Au soutien de ces griefs, elle verse deux propositions de contrat d'édition datées des 5 et 13 mars 2007 libellées à l'en-tête de PFI Distribution, sous la signature de Monsieur X, gérant et adressées à la société BBA Emballages pour la première et à la société Timber pour la seconde (pièces n° 10 et 11), partenaires de D Direct et leur proposant le même système mis en place par elle, un courrier à l'en-tête de PFI adressé le 17 avril 2007 à EVP sous la signature de Monsieur X accompagné d'une attestation du gérant de cette société faisant état du contact pris par PFI par téléphone le 13 février 2007, le contact s'étant présenté comme un ancien de D Direct qui voulait créer sa propre centrale d'achat (pièce n° 14), une attestation de Monsieur Adenis, co-gérant de la société Whiptruck, qui indique avoir été contacté par téléphone dans le courant du 1er trimestre 2007 par Monsieur X se présentant comme responsable commercial de la société PFI Distribution afin de faire figurer ses matériels de manutention dans son futur catalogue. Ces pièces démontrent sans contestation possible le comportement déloyal de Monsieur X, gérant à la fois de la SARL Actilev et de la société PFI, envers la SARL D Direct qui a délibérément parasité l'activité de cette dernière, en démarchant systématiquement ses fournisseurs et, ayant une parfaite connaissance des tarifs et des produits, pouvant alors négocier au mieux des intérêts de la nouvelle structure mise en place, ainsi qu'il ressort de l'attestation de Monsieur Z, gérant de PFI, dont le témoignage ne saurait être écarté du seul fait de l'actuel conflit opposant les deux ex co-gérants, le contenu étant corroboré pour l'essentiel par les autres pièces et la SARL Actilev n'en démontrant aucunement la fausseté.

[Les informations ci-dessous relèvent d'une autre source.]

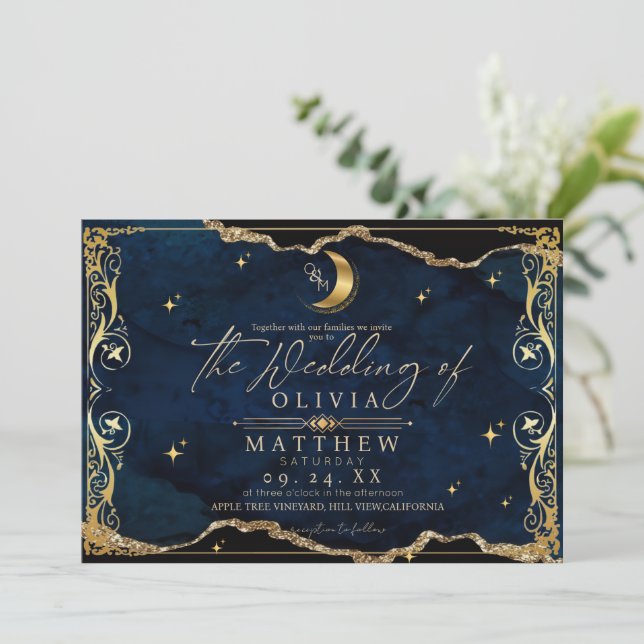 Invitación Celestial Wedding Moon and stars Wedding (Anverso de pie)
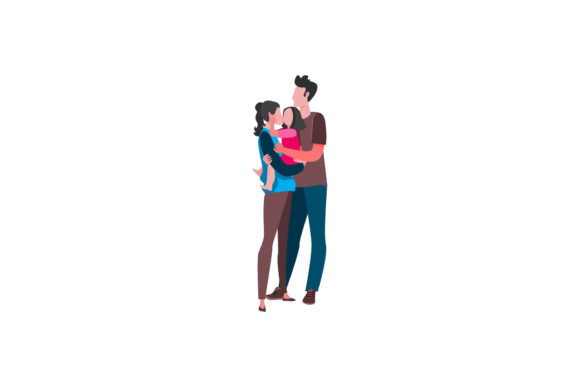 Mom, Dad Daughter Family Vector Asset for Graphics and Illustrations
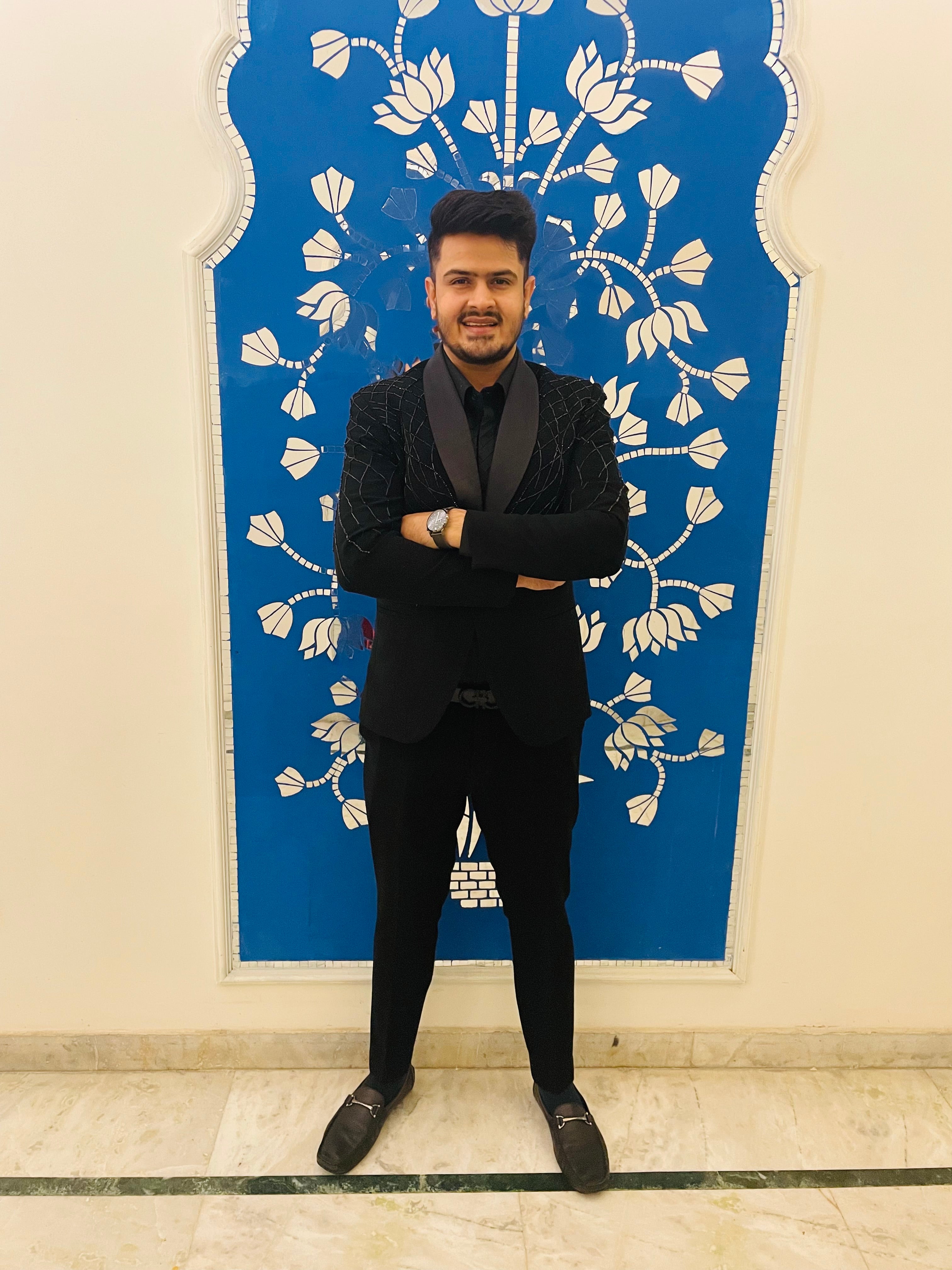 Black Embroidered Blazer Set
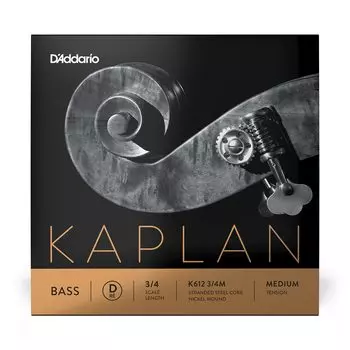 Розовая струна для деревянной бас-гитары Kaplan Double K612 Medium Tension D Addario (контрабас) Ре-струна 3/4M []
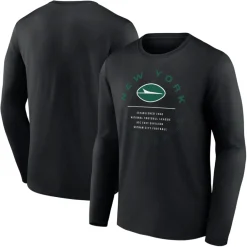 T-Shirts|Men^New York Jets Men's Fanatics Black Stat Sheet Long Sleeve T-Shirt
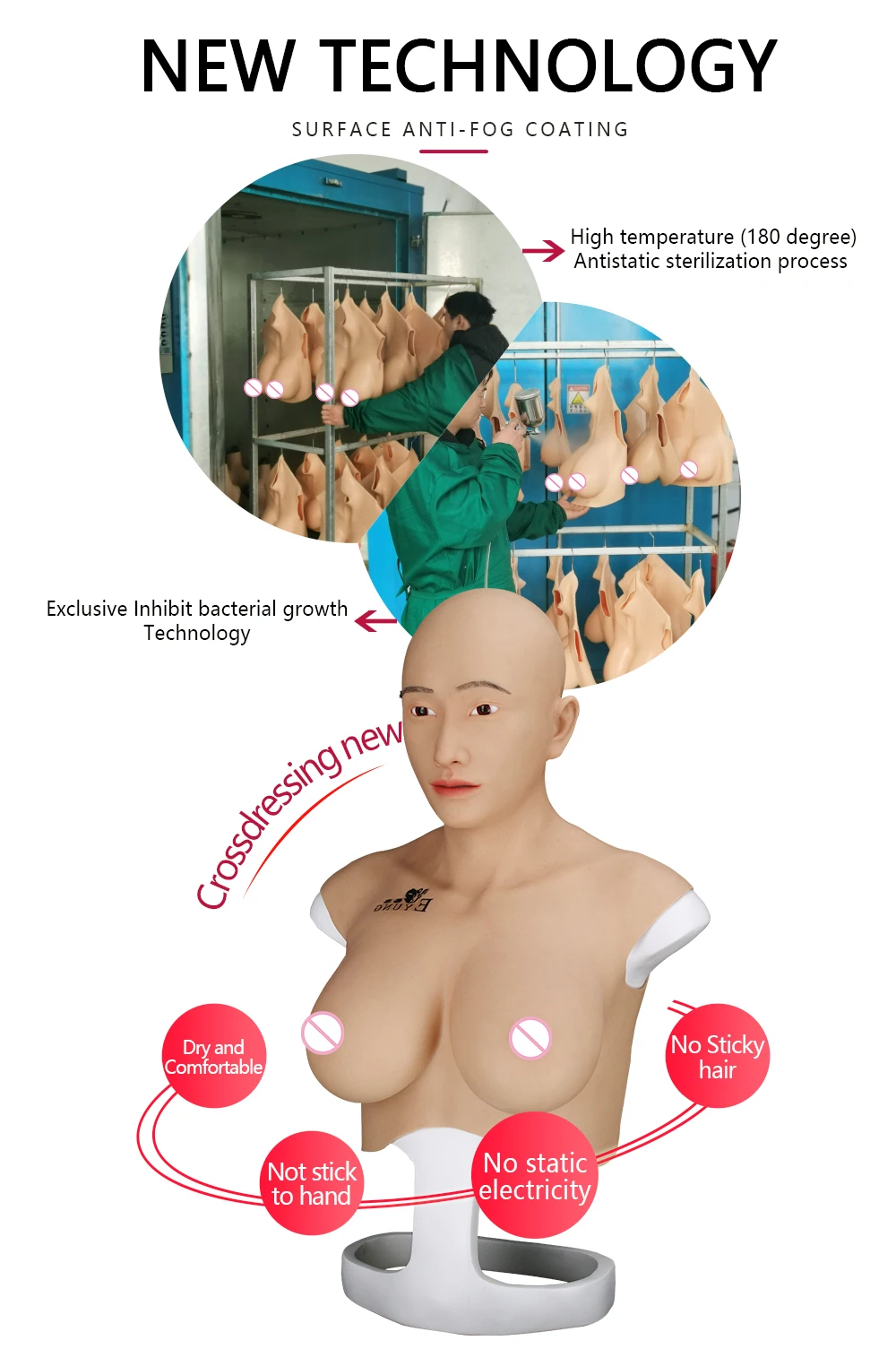 Eyung Crossdresser Transgender Realistic Silicone Female Face Mask With E Cup Boobs Halloween Masquerade Silicone Breast with Mask (16)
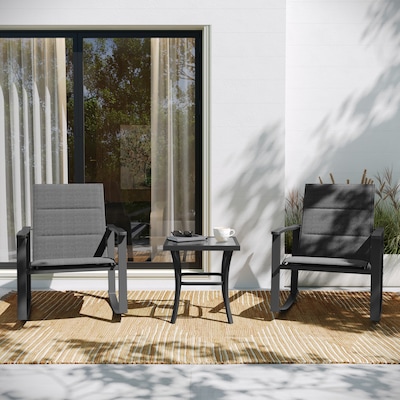 Flash Furniture Brazos Outdoor Rocking Chair Bistro Set with 2 Chairs and Table, Black (FVFSC2315BLK)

La rupture du contrat de partenariat sans préavis par la SARL D Direct apparaît justifiée au vu des éléments ci-dessus rapportés ; le jugement sera infirmé sur ce point et la SARL Actilev déboutée de sa demande en dommages et intérêts pour rupture abusive.

- Sur la demande en dommages et intérêts de la SARL D Direct :

La SARL D Direct sollicite à ce titre l'allocation d'une somme de 15 000 euro en la présentant comme la contrepartie des agissements prouvés de Monsieur X et à la désorganisation momentanée du système mis en place, tout en précisant toutefois que son préjudice a été limité à quelques commandes et donc à la perte de BFA (!) sur ses commandes.

Il convient de relever qu'elle ne verse aucun élément à l'appui de cette demande et ne justifie d'aucune perte, ayant adressé dès le 26 mars 2007 une lettre-circulaire à ses fournisseurs pour les informer de la rupture d'avec les sociétés ADM et Actilev. Par ailleurs, Monsieur X qu'elle vise nommément dans ses écritures n'est pas dans la cause.

Elle sera déboutée de cette demande.

- Sur les demandes accessoires :

La SARL Actilev qui succombe à titre principal sera condamnée aux dépens ainsi qu'au paiement de la somme de 3 000 euro au titre de l'article 700 du Code de procédure civile pour les frais exposés par la SARL D Direct au cours de l'entière procédure ; elle sera déboutée de sa propre demande sur le même fondement.

Par ces motifs, LA COUR, statuant publiquement, par arrêt contradictoire mis à disposition au greffe, Infirme le jugement déféré ; Statuant à nouveau : Dit la rupture mise en œuvre le 23 mars 2007 par la SARL D Direct intervenue pour juste motif; Déboute la SARL Actilev de l'ensemble de ses demandes ; Déboute la SARL D Direct de sa demande en dommages et intérêts ; Condamne la SARL Actilev à payer à la SARL D Direct la somme de 3 000 euro au titre de l'article 700 du Code de procédure civile ; Condamne la SARL Actilev aux dépens de première instance et d'appel aux dépens dont distraction pour ceux d'appel au profit de la SCP Cocheme Labadie Coquerelle conformément à l'article 699 du Code de procédure civile.